Let's get back to the question now. I'm honestly surprised why this agent learns, I actually implemented it in MountainCar environment with your code as the base code, it works as well (though I have to change the reward to make sure the agent doesn't get stuck at the bottom)! Then later on when I tried DQN on MountainCarContinuos-v0, it threw me an error, then I tried to find out where went wrong, and I spotted this error. But the funny story is that this mismatch is not the cause for the error, and my agent actually learns well in MountainCar-v0 environment with the mismatch issue. Would be great if you can find out why it still works, even with the mismatch... I will give an update here if I could find the reason as well.

mimoralea commented 2 years ago

Okay, so I think it makes sense. It learns because I do nothing in that function other than load the experiences into the device (either CPU or GPU).
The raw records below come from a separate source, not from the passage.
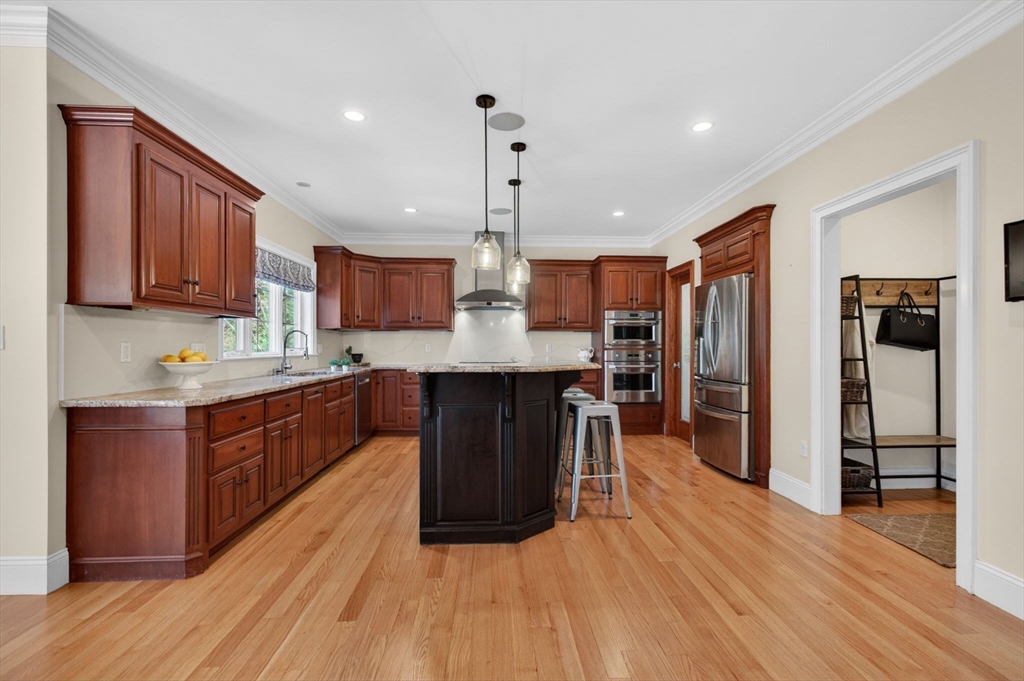 8 Fosters Pond Road Andover, MA 01810 - Photo 4 of 42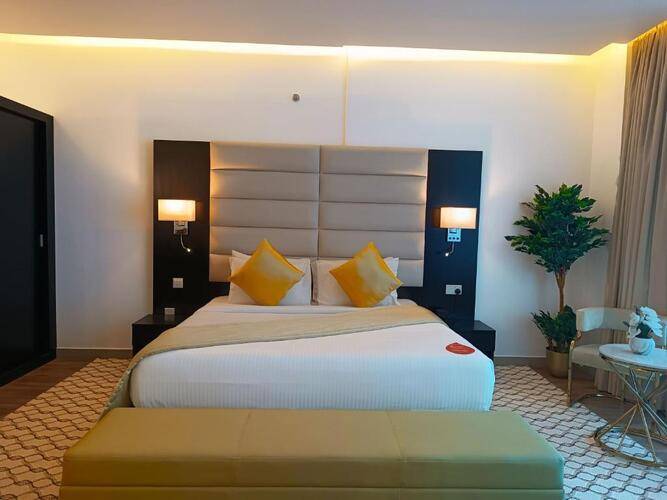 Sunday Mega Hotel Sheikh Zayed Road Near Difc (Ex. Emirates Grand Hotel)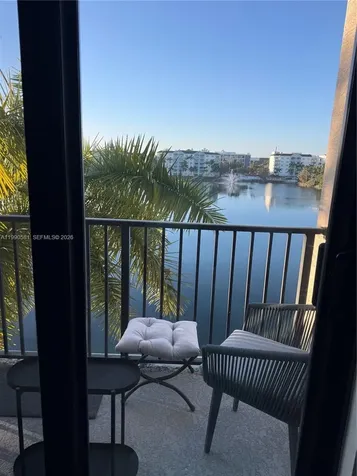 Miami FL 33166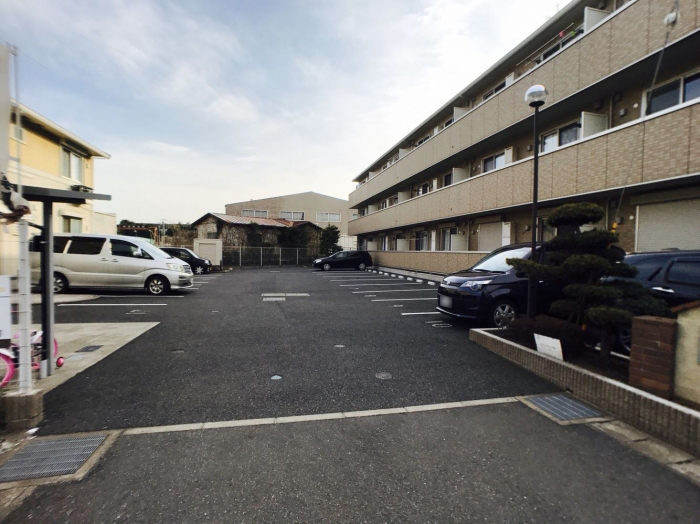 20/20 駐車場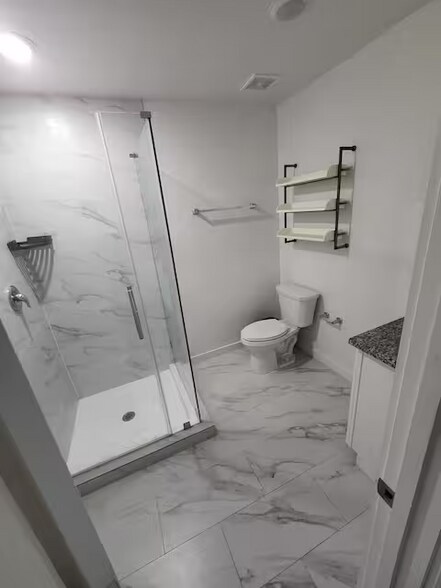 Building Photo - 5212 Ina St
    def load(self, experiences):
        states, actions, new_states, rewards, is_terminals = experiences
        states = torch.from_numpy(states).float().to(self.device)
        actions = torch.from_numpy(actions).long().to(self.device)
        new_states = torch.from_numpy(new_states).float().to(self.device)
        rewards = torch.from_numpy(rewards).float().to(self.device)
        is_terminals = torch.from_numpy(is_terminals).float().to(self.device)
        return states, actions, new_states, rewards, is_terminals

So, in other words, I name the rewards "new_states" and the new_states "rewards," then load them into the device, which doesn't care about the order, finally return the variables in the same order (preserving the correct order). Later, in the optimize function, we load them properly: states, actions, rewards, next_states, is_terminals = experiences.

Right?

Either way, I will clean that up, to avoid confusion.

SubaruSpirit commented 2 years ago

That's correct! Great find :) Thanks for fixing it

mimoralea commented 2 years ago

To you for reporting the issue. Will merge soon. Thanks!